“After a while, the camp that Lone Wolf lived in moved further away from Benton, so that when Bruce wanted to go to it he had about a thirteen-mile ride to make. It seemed that his chances of getting the horse were growing smaller. However, one afternoon he started out feeling pretty desperate and made his ride and got as close as he could toward the Indian lodges, and commenced to watch again. At length he saw a boy drive the horses to water, and keeping behind some hills and timber he managed to ride within two hundred yards of the place where the horses were drinking, and stopped there, hidden behind some brush. Presently, he saw the boy who was herding them go into a lodge, and in a moment he rushed out, dashed between the horses and the lodges and started the band off toward the prairie. As soon as he got them going he rode through them, roped the bay pony, cut it loose from its mate, and shortening up his lariat and sticking the spurs into his own mount, he started off over the bad land bluffs.

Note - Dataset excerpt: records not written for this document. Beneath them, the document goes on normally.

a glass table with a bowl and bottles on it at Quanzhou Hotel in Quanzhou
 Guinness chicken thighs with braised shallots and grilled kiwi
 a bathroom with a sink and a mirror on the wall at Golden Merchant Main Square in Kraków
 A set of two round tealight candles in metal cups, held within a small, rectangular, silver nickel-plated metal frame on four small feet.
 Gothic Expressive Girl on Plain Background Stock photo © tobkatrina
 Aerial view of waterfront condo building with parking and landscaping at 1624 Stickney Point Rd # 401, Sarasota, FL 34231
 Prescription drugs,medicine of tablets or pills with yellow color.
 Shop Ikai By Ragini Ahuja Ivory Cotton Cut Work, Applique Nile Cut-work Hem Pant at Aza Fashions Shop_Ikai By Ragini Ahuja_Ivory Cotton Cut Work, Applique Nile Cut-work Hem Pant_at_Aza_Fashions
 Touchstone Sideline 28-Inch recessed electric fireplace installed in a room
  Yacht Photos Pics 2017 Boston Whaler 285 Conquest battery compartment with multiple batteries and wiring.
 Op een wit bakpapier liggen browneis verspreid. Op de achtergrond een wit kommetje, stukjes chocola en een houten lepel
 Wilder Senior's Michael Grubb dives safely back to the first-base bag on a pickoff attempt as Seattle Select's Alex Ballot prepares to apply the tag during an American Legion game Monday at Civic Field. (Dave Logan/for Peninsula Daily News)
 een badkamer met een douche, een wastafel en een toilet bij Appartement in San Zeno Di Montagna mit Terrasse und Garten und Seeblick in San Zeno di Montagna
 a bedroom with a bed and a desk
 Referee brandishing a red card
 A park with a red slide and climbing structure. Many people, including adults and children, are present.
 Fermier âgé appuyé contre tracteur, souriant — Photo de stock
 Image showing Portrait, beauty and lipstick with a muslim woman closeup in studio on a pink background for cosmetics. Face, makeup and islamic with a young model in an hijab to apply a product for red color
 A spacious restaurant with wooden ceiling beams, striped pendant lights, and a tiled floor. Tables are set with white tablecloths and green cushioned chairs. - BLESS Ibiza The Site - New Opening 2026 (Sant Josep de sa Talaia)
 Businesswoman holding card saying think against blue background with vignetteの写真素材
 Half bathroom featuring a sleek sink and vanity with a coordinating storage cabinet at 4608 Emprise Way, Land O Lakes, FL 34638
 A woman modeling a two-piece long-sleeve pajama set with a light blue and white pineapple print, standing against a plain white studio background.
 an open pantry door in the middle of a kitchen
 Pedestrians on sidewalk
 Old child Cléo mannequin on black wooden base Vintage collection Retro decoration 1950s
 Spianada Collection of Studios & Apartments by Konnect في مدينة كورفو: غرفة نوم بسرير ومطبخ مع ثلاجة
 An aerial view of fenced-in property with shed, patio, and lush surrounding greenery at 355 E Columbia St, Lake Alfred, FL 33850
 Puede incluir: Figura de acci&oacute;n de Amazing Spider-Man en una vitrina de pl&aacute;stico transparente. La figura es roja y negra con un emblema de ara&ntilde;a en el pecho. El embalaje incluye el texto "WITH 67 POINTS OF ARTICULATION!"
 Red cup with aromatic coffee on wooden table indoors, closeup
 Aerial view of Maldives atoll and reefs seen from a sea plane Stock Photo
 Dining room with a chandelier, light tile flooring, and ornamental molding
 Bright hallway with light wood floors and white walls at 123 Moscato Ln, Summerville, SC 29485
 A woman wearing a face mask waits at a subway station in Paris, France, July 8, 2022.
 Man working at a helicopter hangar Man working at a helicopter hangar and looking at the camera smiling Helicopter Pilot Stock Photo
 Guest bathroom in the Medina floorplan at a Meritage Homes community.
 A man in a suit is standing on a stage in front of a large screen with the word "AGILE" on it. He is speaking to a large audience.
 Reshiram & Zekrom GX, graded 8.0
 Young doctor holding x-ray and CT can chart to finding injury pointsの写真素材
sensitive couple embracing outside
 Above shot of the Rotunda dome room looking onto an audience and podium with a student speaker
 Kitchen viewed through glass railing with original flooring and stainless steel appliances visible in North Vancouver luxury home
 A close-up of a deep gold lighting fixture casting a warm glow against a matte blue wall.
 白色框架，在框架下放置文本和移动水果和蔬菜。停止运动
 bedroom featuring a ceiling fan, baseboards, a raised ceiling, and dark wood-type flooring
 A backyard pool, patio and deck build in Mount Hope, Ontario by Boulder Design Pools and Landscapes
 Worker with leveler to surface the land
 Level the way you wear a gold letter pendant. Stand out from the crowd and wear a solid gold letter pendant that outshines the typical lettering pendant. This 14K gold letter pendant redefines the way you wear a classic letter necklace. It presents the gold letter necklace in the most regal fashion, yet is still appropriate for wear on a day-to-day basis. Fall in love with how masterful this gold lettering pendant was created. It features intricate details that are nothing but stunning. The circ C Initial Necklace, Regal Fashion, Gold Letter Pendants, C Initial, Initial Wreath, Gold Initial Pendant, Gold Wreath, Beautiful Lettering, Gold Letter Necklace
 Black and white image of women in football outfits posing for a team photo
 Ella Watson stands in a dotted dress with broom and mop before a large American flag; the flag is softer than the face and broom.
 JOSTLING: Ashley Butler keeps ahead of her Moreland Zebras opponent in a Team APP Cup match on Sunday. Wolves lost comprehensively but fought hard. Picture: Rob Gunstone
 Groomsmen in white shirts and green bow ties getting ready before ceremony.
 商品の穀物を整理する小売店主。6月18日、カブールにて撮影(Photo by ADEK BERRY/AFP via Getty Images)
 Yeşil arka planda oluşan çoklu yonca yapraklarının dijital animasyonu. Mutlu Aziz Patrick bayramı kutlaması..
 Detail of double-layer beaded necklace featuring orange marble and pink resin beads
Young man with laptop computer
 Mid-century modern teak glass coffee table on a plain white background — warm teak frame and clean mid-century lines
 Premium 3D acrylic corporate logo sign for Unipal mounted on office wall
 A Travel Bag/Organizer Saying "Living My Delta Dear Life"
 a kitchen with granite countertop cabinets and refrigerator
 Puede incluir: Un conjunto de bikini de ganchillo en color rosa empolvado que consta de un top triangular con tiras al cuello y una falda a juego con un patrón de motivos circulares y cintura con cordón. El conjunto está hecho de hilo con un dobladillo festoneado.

“As he looked back he saw the Indians rushing out of the lodges and looking after him, shading their eyes from the sun. Then they rushed back to get their guns, and the boys brought in the horses.
“It was not long before a string of Indians were riding hot after Bruce. His horse was grain-fed and strong and tough and better able to run for a long time than the Indian ponies, which, of course, had been fed on grass. The captured pony could go fast enough, as he had no load to carry, so Bruce commenced to ride across the roughest country that he could find, down the side of one clay bluff and up the next, following a road that was heartbreaking to a rider. More than that, the sun was about to set, and before long it would be dark.
“For a little while, all the same, the Indians seemed to gain on him, and he did not feel any way sure how matters were coming out. He managed to keep ahead, however, and when it got dark, turned sharp off his course and followed the ravine down to the river, while the Indians kept riding as hard as they could in the direction that he had previously been following, and nobody knows when they stopped.
“Bruce rode down to the river and crossed to an island where he tied the bay horse in the brush with a rope that he had previously left there. Then he went on to the post and went to bed.
“The next morning he went to Steele and asked him what he would give to get the bay pony back again. Steele knew Bruce pretty well, and said to him at once, ‘You’ve got him.’
“‘Well,’ said Bruce, ‘I think I know how I could get him.’
“‘Well,’ said Steele, ‘if I were to get him he’d only be stolen again, and if you’ve got him you can have him.’
“So, presently, Bruce went over to the island and got the horse and brought him back and put him in the stable. He hadn’t much more than tied him and got out of the stable again, when he saw old Four Bears coming. Four Bears had not heard the news, because his band was camped in a different place from that of Lone Wolf, and the old man came up bubbling over with joy and told Bruce how many buffalo Lone Wolf had killed yesterday. He thought this was just as good a joke now as he had the first time he had told a similar story, and Bruce thought it a much better one. However, Bruce after a while remarked, ‘Steele’s got a new black horse in the stable. Don’t you want to come in and see it?’ Four Bears went along and went into the stable and looked at the black horse, and then saw the hips of the horse in the next stall, and stepping forward where he could see the whole of the animal, he recognized it. He hadn’t a word to say, but just clapped his hand over his mouth in surprise and walked out without a word. You can bet that Bruce watched that stable good after that, so that there was no chance for Lone Wolf to steal the horse back again.”
“Well,” exclaimed Jack, “that’s a bully story, but, what became of the horse finally?”